Несмотря на то, что поверья формально строятся по формуле озьы ке карид, умой луоз jд ке - урод (если да, то успех, если нет - неудача) и являются, казалось бы, прямой иллюстрацией известного принципа post hoc - ergo propter hoc (после этого, значит, вследствие этого), объяснить их простым чередованием обуславливающих друг друга явлений и событий, а тем более логикой причинно-следственных связей не всегда представляется возможным. Рожденные в сфере мифологического сознания, проходя через рациональные испытания жизнью, они снова возвращаются в сферу подсознания, этнопсихологии, утверждая свою конечную истину народного менталитета, если даже и воспринимаются современным мышлением в качестве "правильных неправильностей".
* Об отношении к определенным дням см. в главе VII.
Источник Сайт Удмуртского института истории, языка и литературы.
Все метеорологические поверья связаны с дохристианскими верованиями удмуртов, с их представлениями о мироустройстве. Обоготворение окружающей природы обнаруживается в представлениях о богах - Инмаре и Куазе. Ученые полагают, что образ Инмара восходит к прафинно-угорскому божеству неба и воздуха; Куазь - бог погоды или погода вообще. По представлениям древних удмуртов, именно от них зависел урожай и, соответственно, благополучие людей. Помимо этих богов почитались Гудыри-мумы (божество грома, грозы), Инву (божество небесной воды), Вумурт (божество реки) и т. д. Но главным божеством, покровительствовавшим земледелию, был Му-Кылдысин - божество земли [Владыкин 1981: 148].
В честь божеств в течение года проводились многочисленные обряды. Нет необходимости подробно рассматривать здесь канонически проводимые празднества, обратим внимание лишь на поверья, связанные с божествами.

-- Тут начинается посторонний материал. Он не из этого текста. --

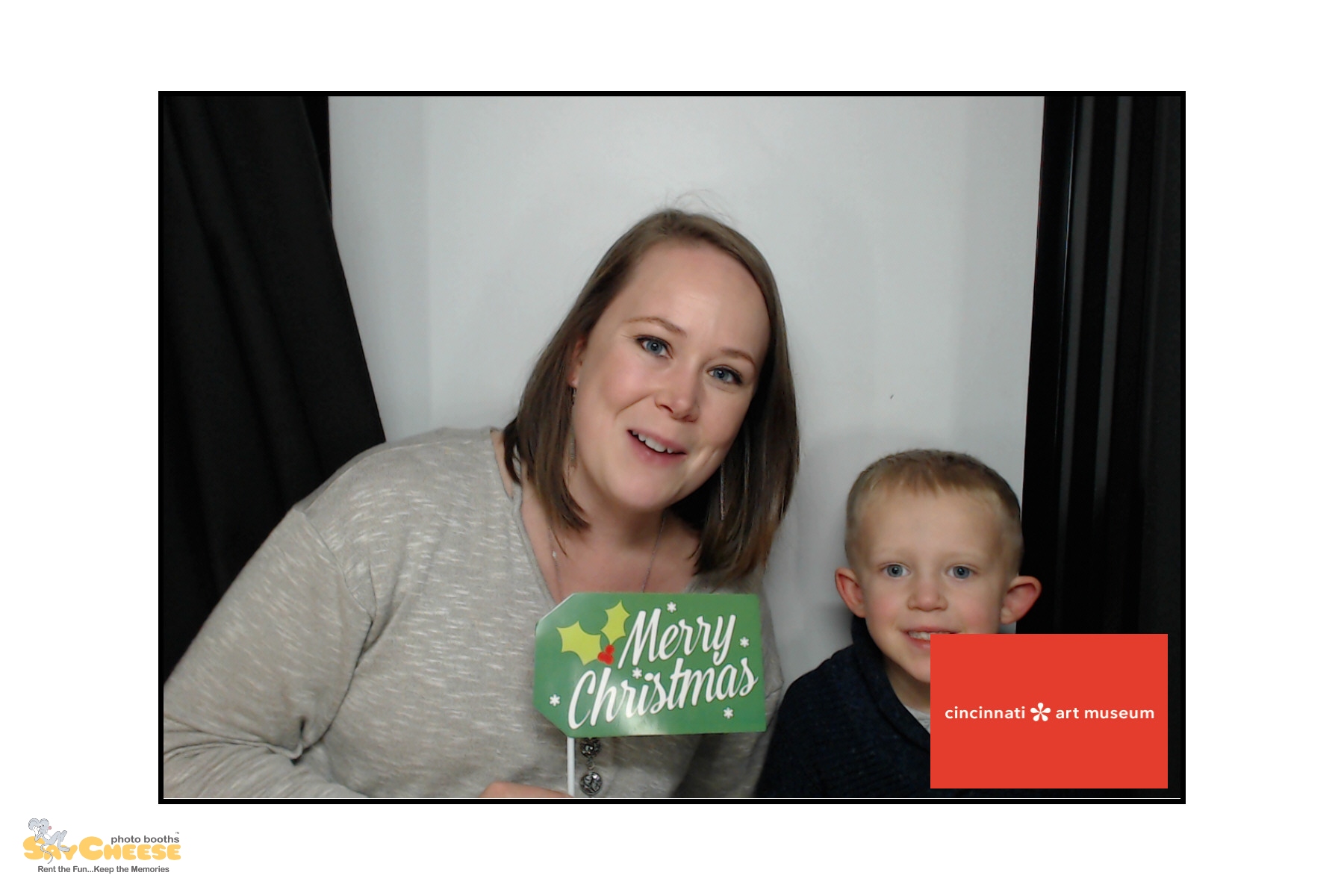 Cincinnati Art Museum | View more photos from the event at gallery.saycheesephotobooth.com/u/SayCheesePhotoBooth/Cincinnati-Art-Museum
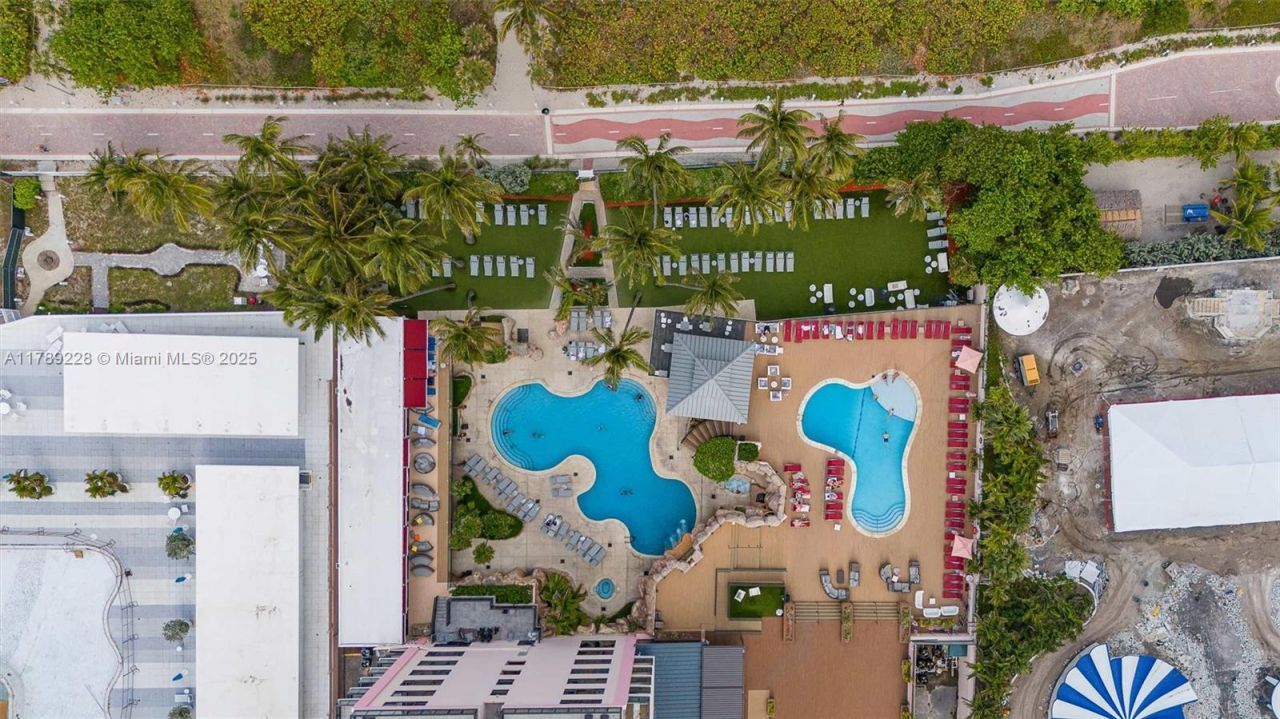 5225 Collins Ave, Unit 1117, Miami Beach, FL 33140 Photo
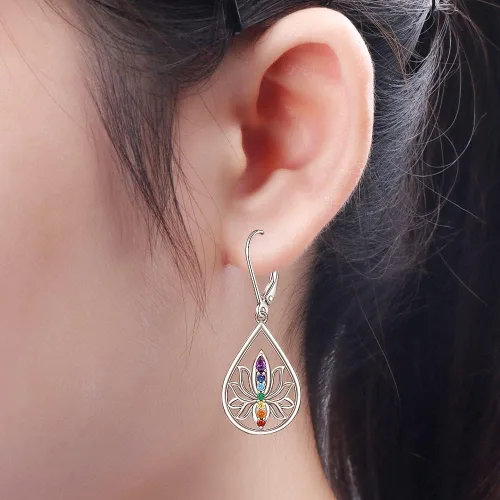 Vista 3 de Aretes de Halloween con diseño de murciélago y esqueleto, cardenal, colibrí, zorro, abeja, día de San Patricio, trébol, gato negro, 7 chakras, vaca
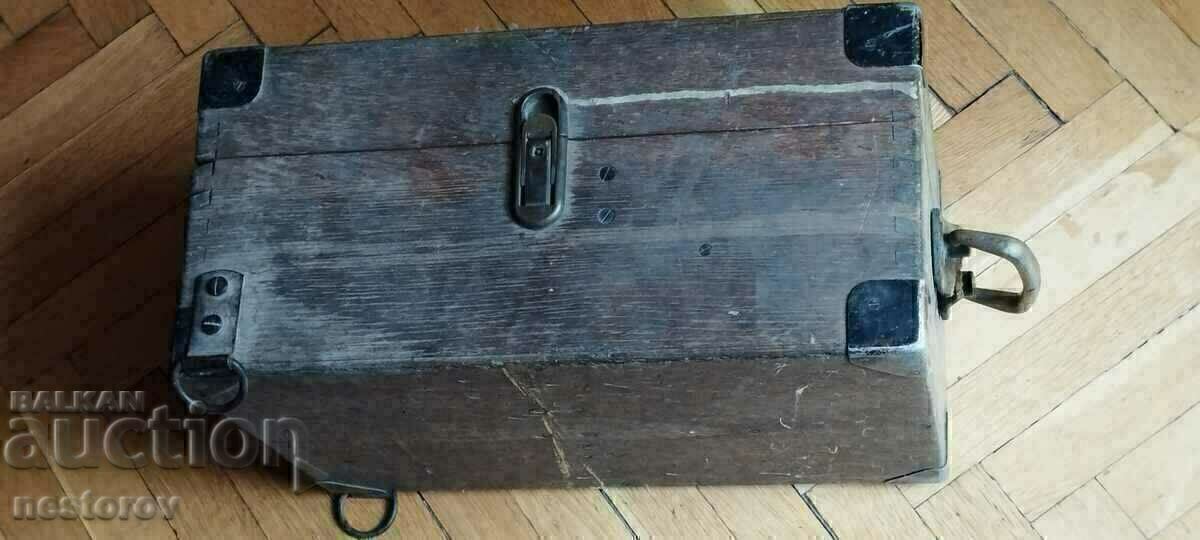 TEODOLITUL „KARL ZEISS/JENA” cu preț € 150.00 | 293.38 BGN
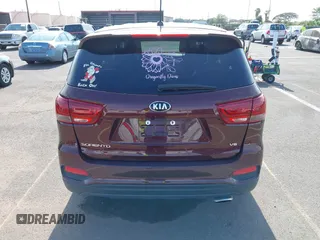 2019 Kia Sorento LX z VIN 5XYPG4A58KG565461, wystawiony jako IAAI lot #42099618 z przebiegiem 42 574 mil mil oraz . Historia ofert i sprzedaży dostępna na DreamBid. Obrazek 16.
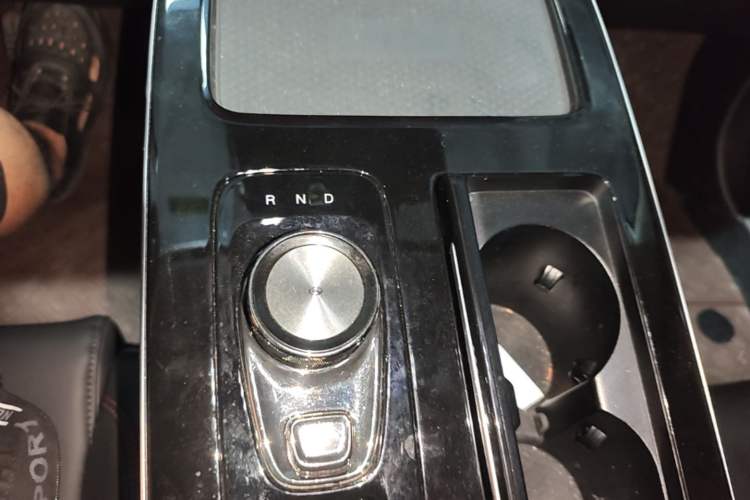 Used AION V 2022 Plus 70 Smart Edition Ternary Lithium Gear Lever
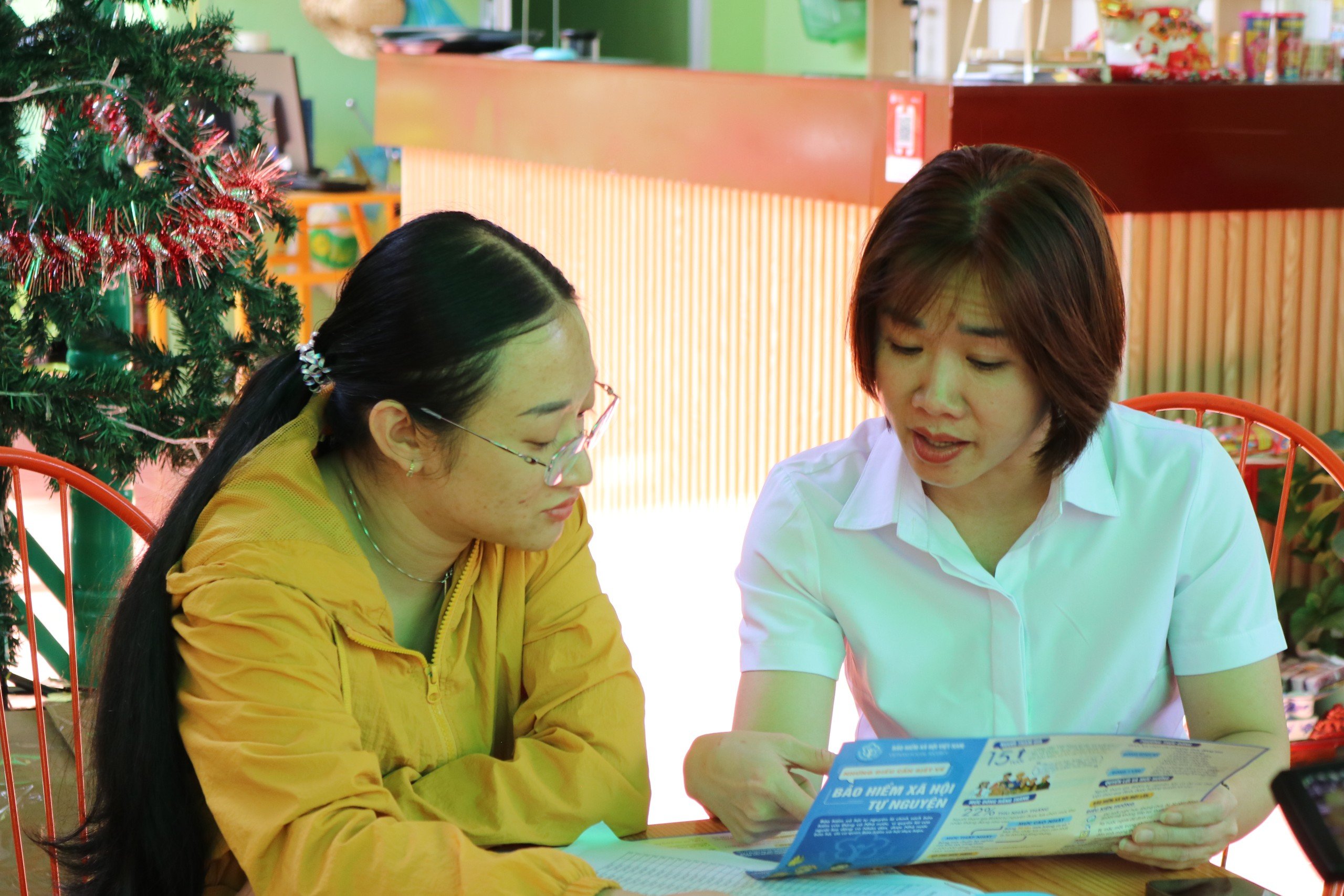 Huyện Lắk  hỗ trợ 274 cán bộ không chuyên trách và người lao động đóng Bảo hiểm xã hội tự nguyện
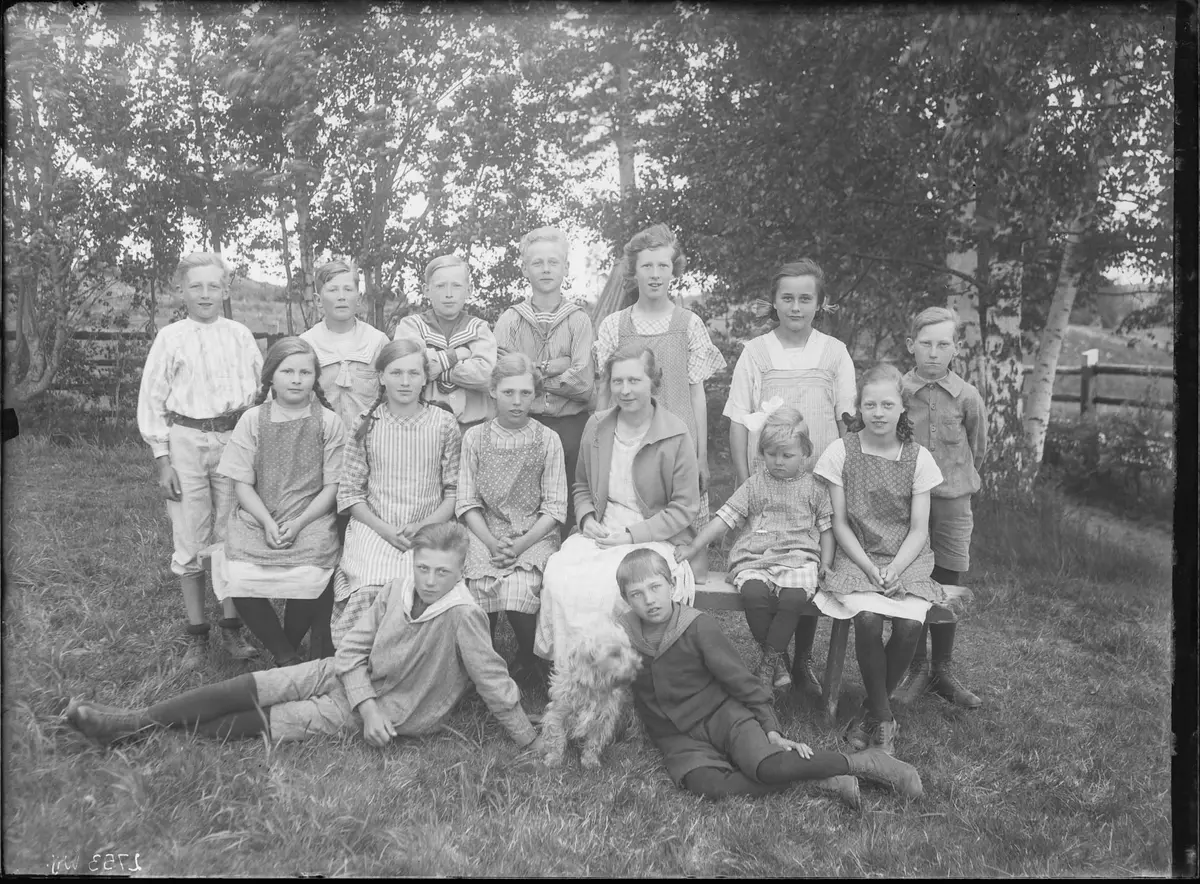 Klass på Ullvi skola i Munktorp 1925 - Västerås Stadsarkiv / DigitaltMuseum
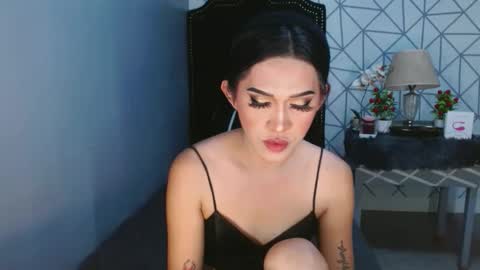 Snapshot of lustress_katalina69 chatting on April 5, 2:31 am lustress_katalina69 online show from April 5, 2:31 am
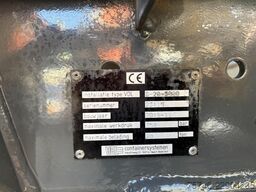 Renault C440 + HMF 2320 K3-- 3X EXT. + 6X2/4 HYDRO DRIV...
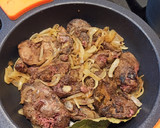 Foto del paso 4 de la receta: Higaditos de pollo encebollados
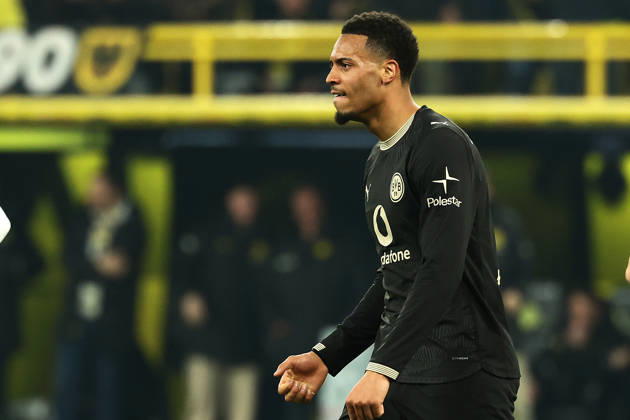 Dortmund, Germany, 21.03.26, Felix Nmecha (Borussia Dortmund) guckt während des Spiels der 1. Bundesliga zwischen Borussia Dortmund - Hamburger SV im Signal Iduna Park in Dortmund. (Photo by Joachim Bywaletz) DFB DFL REGULATIONS PROHIBIT ANY USE OF PHOTOGRAPHS AS IMAGE SEQUENCES AND OR QUASI-VIDEO. Copyright: JoachimxBywaletz xJB-Sportfoto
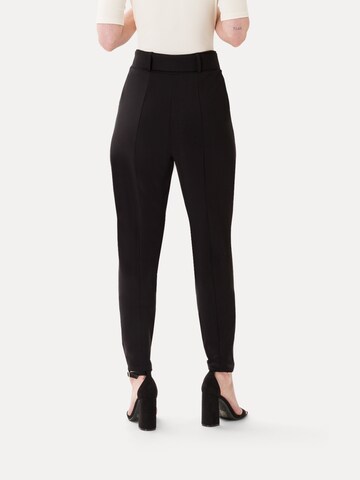 Les Lunes Tapered Pleat-Front Pants 'Jade' in Black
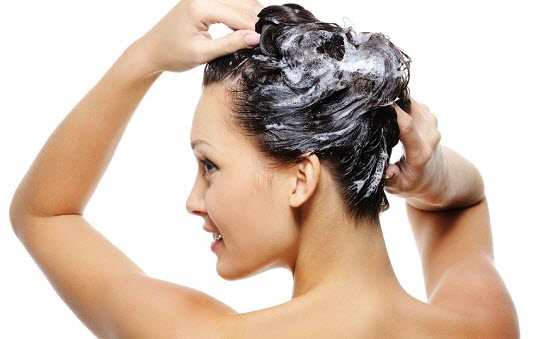 So waschen Sie die Maske ab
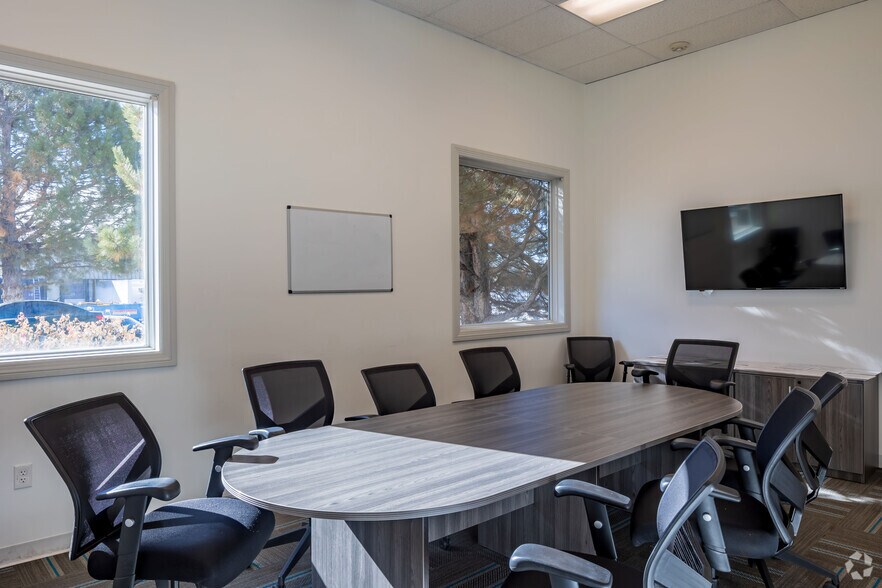 More Photos Of 5555 Joliet St, Denver Warehouse For Lease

Музъем-мумы (Земля-мать). Живет внутри холмов, возвышающихся на поверхности земли, поэтому холмы раскапывать нельзя. В жертву Музъем-мумы приносят черного, как сама земля, быка. Но осенью жертву приносить нельзя: в это время земля уже спит [Емельянов 1921: 135]. Во время обрядов, когда жертва приносится земле, части приносимой в жертву еды (хлеб, лепешки, яйца и т.д.) складываются в небольшую ямку, вырытую деревянной лопаточкой. Делают ее специально для этой цели, так как железной не разрешается, чтобы не сделать ей больно. В день рождения земли (музъем вордbськон нунал/музъем ниманник), на второй день после Троицы, не разрешается пахать, боронить, копать. Удмурты Красноуфимского района Свердловской области, например, раньше выходили в поле, на луга и выдергивали из земли межевые столбы, колышки стожар, облегчая якобы тем самым участь земли. Отражением подобных взглядов является следующее поверье:
• Музъем нуналэ луд вылэ эн поты: чача муртэз адpыса кулод (В день рождения земли на поле не выходи: увидишь духа оспы и умрешь).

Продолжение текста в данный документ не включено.